If you made the overlay with reference to the underlying map, yes. If
not, no.
> As a separate layer? If it's merged in one image instead, is it
> then derived?
Yes, the combined work is derived.
> -If I print a book with pretty OSM maps which are used to describe
> bicycle routes. Is the map figure derived, the route description or the
> book?
If the map figure was made using OSM data, it's derived. If the route
description was made with reference to the map (rather than by, say,
cycling the route), then it's derived. The book is not derived.
The principle isn't complicated. If you use the SA data to make your
data, it's derived. If not, it isn't.
> -If I print an OSM map in my book, do I derive work from OSM and
> attribute them? Or do I derive from the works of 10,000 contributors and
> have to print a 200 page appendix to my 10page leaflet, naming all
> contributors?
It depends what the licence says.

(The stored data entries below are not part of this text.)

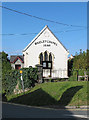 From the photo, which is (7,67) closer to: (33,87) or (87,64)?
(33,87)

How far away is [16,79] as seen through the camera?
19.5m

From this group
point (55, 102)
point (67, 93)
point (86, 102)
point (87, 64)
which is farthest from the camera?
point (87, 64)

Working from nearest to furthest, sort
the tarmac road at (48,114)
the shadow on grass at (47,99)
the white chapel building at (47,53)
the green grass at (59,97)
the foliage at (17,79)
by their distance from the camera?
the tarmac road at (48,114) → the green grass at (59,97) → the shadow on grass at (47,99) → the foliage at (17,79) → the white chapel building at (47,53)

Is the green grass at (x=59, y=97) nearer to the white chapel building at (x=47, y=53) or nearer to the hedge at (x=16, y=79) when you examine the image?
the hedge at (x=16, y=79)

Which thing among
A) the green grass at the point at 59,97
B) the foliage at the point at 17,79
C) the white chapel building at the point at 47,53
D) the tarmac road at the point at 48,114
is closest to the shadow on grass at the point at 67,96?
the green grass at the point at 59,97

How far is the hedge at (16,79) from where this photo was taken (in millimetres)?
18234

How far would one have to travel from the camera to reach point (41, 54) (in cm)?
2552

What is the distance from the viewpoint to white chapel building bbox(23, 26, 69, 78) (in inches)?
990

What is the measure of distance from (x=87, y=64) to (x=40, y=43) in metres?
7.88

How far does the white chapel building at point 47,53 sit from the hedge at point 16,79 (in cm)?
461

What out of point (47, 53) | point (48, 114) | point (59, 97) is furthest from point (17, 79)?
point (48, 114)

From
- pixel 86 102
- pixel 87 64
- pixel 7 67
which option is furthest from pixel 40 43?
pixel 86 102

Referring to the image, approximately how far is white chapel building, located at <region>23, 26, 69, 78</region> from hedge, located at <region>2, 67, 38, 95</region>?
15.1 ft

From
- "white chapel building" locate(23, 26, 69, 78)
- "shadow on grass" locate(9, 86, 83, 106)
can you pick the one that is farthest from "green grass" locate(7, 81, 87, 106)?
"white chapel building" locate(23, 26, 69, 78) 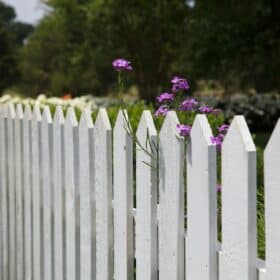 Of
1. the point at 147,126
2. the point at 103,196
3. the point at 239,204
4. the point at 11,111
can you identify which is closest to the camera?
the point at 239,204

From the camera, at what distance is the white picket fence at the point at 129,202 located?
1610mm

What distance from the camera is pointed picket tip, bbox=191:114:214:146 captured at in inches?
69.5

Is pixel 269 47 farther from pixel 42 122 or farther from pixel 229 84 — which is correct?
pixel 229 84

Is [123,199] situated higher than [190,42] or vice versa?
[190,42]

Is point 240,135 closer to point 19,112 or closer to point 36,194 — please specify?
point 36,194

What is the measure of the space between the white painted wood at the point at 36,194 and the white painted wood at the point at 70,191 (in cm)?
41

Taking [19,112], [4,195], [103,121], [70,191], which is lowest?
[4,195]

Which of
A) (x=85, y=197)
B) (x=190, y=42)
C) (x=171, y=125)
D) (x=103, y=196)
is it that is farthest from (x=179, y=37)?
(x=171, y=125)

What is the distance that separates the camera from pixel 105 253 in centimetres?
243

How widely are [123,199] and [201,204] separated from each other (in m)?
0.55

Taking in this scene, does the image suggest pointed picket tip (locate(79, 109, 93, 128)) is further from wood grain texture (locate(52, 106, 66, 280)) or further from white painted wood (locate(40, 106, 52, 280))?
white painted wood (locate(40, 106, 52, 280))

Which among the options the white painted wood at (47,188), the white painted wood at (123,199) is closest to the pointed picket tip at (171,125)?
the white painted wood at (123,199)

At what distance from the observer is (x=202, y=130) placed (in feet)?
5.85

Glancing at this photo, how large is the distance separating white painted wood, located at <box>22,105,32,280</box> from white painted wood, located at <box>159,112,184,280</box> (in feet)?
4.98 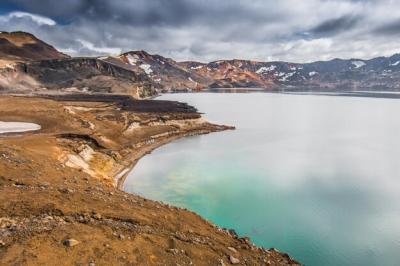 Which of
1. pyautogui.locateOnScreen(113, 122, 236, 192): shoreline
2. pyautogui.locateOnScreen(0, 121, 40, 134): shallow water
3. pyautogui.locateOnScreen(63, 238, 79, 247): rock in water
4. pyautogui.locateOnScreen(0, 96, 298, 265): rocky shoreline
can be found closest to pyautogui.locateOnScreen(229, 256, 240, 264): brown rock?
pyautogui.locateOnScreen(0, 96, 298, 265): rocky shoreline

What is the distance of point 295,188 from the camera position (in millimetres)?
42812

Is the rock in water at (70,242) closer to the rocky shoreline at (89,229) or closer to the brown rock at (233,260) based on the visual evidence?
the rocky shoreline at (89,229)

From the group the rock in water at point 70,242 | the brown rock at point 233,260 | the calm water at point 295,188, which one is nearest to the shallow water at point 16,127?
the calm water at point 295,188

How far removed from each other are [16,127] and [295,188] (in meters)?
49.4

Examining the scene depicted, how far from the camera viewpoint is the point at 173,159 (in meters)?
60.3

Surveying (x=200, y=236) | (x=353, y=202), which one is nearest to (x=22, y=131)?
(x=200, y=236)

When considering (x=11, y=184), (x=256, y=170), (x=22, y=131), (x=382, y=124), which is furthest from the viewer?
(x=382, y=124)

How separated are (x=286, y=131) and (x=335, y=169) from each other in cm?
4143

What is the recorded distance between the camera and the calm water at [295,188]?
28.8 meters

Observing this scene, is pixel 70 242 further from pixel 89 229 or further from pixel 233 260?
pixel 233 260

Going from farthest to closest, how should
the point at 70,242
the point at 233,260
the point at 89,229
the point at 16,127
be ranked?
the point at 16,127 → the point at 233,260 → the point at 89,229 → the point at 70,242

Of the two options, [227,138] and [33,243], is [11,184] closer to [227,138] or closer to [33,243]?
[33,243]

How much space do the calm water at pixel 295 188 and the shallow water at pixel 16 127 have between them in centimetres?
2158

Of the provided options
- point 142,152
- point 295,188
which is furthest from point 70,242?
point 142,152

The point has been made the CC-BY-SA
is unclear in this respect; this is one of the reasons a licence change
has been proposed.
> -If I am a company in Togo, does copyright law from the US or Togo
> apply? As a foreign company, would I dare to get myself into possible
> trouble as some OSM contributor in Utah sues me there?
Copyright law from Togo applies in Togo. This is true whatever your
licensing terms are. (For example, some countries do not have such a
thing as a public domain, which requires special steps for those countries.)